While addressing the challenges of the available data and constructing a viable parameter estimation process, we made the following model assumptions. We assumed that the rates of transmission from asymptomatic (βijA) and symptomatic infectious (βijI) are the same, denoted βij. We assumed that except for transmission parameters βij, all the other parameters across the groups were equal. We assumed that time-dependent parameters relating to the removal of healthy and infectious/ infected for a particular day were the same across both groups. We assumed that the initial conditions of the outbreaks were known. S1 Text details the assumptions made for the four ships and provides further explanations and details.

2.5 Estimation framework

We used a Bayesian hierarchical modeling framework [2730] to study the outbreaks that took place on board the ships. Given that the ships sailed at similar times (October-November 1918) and that it is reasonable to assume that 1) all four ships were impacted by the same virus (the 1918 influenza virus); and 2) the demographic characteristics of those aboard the ships were similar, our choice of a hierarchical analysis is appropriate. Under this framework, we modeled each outbreak using the stochastic models introduced in Section 2.3. Each stochastic model was formulated as a continuous-time Markov chain with transition rates described in Fig 3. Under the hierarchical framework, we assumed that the transmission rates (between and within crew and passengers) are sampled from a common truncated multivariate normal distribution. We assumed that all the other model parameters were ship specific only. S2 Text provides details about the construction of the hierarchical model for the outbreaks. We used the two-step algorithm of [31] to estimate the parameters under the hierarchical framework. This algorithm makes use of Approximate Bayesian Computation (ABC) methods where the parameters are estimated by simulating paths from the model and matching them with observed data under specified distance criteria and tolerance values depending on the available data of the ships. S2 Text provides an explanation for the choice of prior distributions and describes the calibration of the algorithm. S2 Text presents the estimates of the parameters.

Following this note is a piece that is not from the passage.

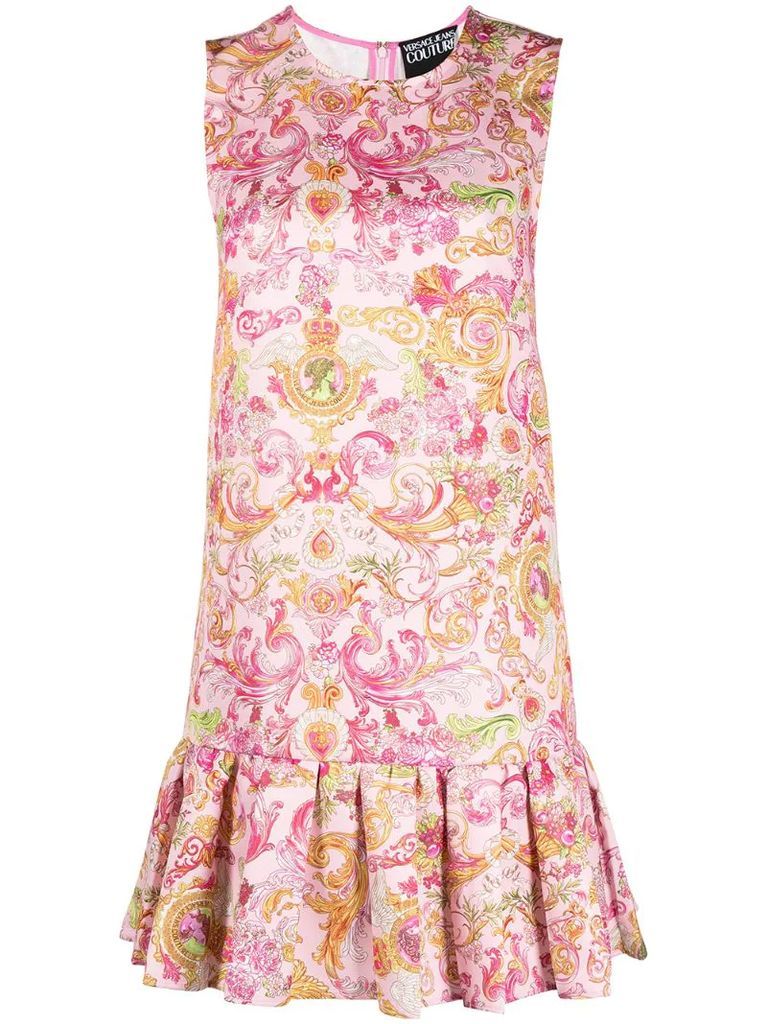 Barocco-print sleeveless short dress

2.6 Studying the effects of quarantine measures

By the time Medic and Boonah arrived at Sydney and Fremantle Quarantine Stations respectively, a number of infectious and convalescent individuals were present on board. Furthermore, as a result of the quarantine measures at the time, infectious, convalescent, and healthy people were removed from the ship to the Quarantine Stations. We were interested in identifying if these interventions were beneficial in reducing the number of infections on board the vessel. We addressed this by posing two questions for each ship.

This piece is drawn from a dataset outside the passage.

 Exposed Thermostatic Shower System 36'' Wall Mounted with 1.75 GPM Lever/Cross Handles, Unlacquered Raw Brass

First, we asked by how much the interventions on the ships Medic and Boonah were estimated to have changed the final size of the epidemic. We addressed this by studying simulated paths that were close to the observed data which we will describe as conditional re-sampled paths. We generated these paths during the parameter estimation stage (Step 2 of the two-step algorithm which enables estimation of the ship-specific parameters under the hierarchical framework). For each proposed sample from the joint posterior, we repeatedly simulated paths along with the corresponding counterfactual path, along which there were no disembarkations, until a sample path (with disembarkations) satisfied the ABC acceptance/rejection criteria as used for the hierarchical estimation. We recorded the accepted samples from the joint posterior and the accepted paths along with their corresponding counterfactual paths to generate an estimate of the benefit (or otherwise) of the intervention.

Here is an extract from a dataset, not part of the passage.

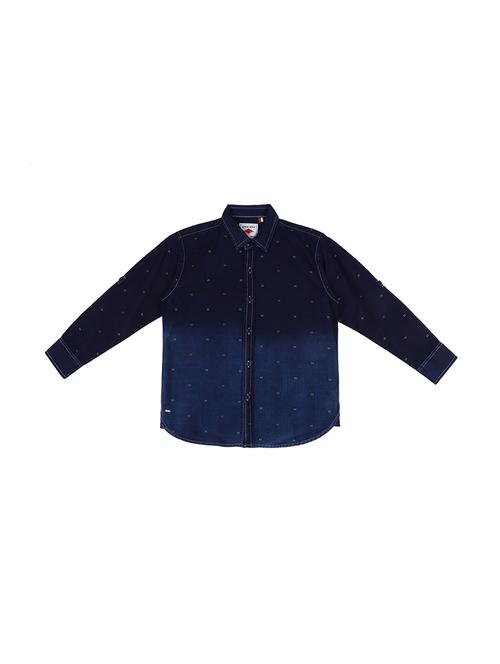 dark blue cotton shirt - 16300607 - Very Small Image - 1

Next, we asked if the disembarkations would have been expected to reduce the total infections on ships/voyages with properties as estimated for Medic and Boonah. The reason we were interested in this question is that in the records of [23], there were ships of similar characteristics as Medic and Boonah, but they could not be included in the analysis due to lack of sufficient data to model them. Therefore, to answer this question, we generated simulated paths with interventions and counterfactual paths from the joint posteriors. Unlike when addressing the first question, the ABC acceptance/rejection step was not applied. This method is similar to the posterior predictive check [32], and in this study, we will describe these simulated paths as re-sampled paths.

When the counterfactual with no disembarkation is considered, we simulated from the models for the Medic and Boonah with the rates of removal of healthy, infectious or infected set to zero. Further explanation on generating the conditional re-sampled and re-sampled paths is provided in S1 Text.

3 Results

Fig 4 illustrates and compares curve-wise intervals of the conditional re-sampled paths from the hierarchical estimation and curve-wise intervals of the re-sampled paths from the estimated parameters from the models in Fig 3 for the ships Medic, Boonah, Devon, and Manuka. See S2 Text for full trajectories of the conditional re-sampled and re-sampled paths for these ships.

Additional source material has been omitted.